Please give back the listing exactly, without any of its pictures.

THE DATA:
- - -

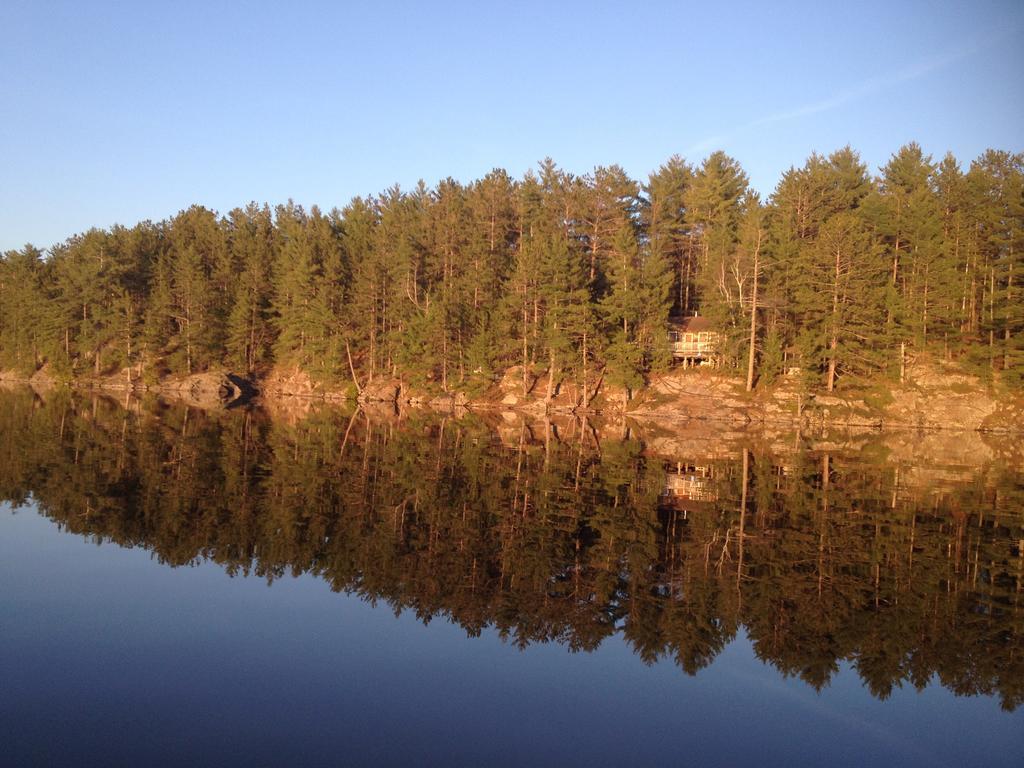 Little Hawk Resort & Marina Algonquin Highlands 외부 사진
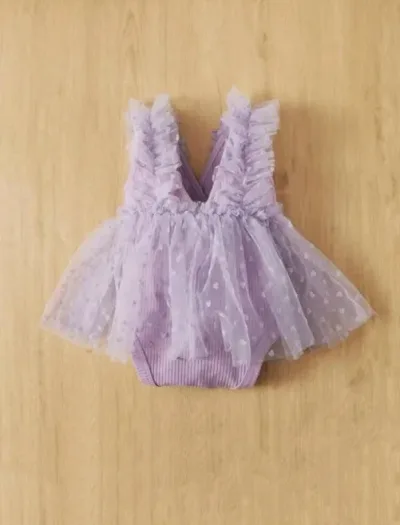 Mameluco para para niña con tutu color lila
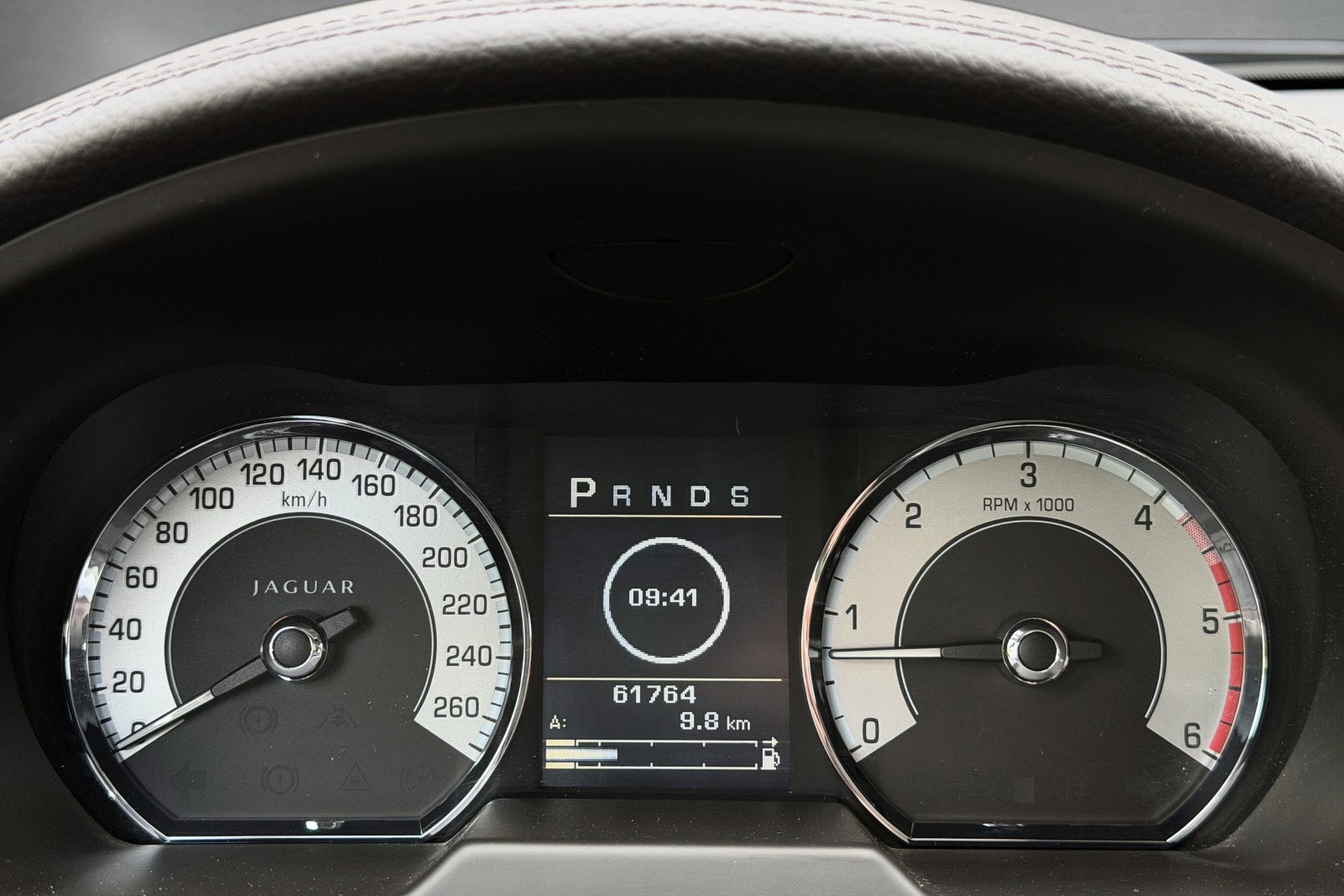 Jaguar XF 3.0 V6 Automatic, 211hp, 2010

- - -

RESULT:
 Little Hawk Resort & Marina Algonquin Highlands 외부 사진
 Mameluco para para niña con tutu color lila
 Jaguar XF 3.0 V6 Automatic, 211hp, 2010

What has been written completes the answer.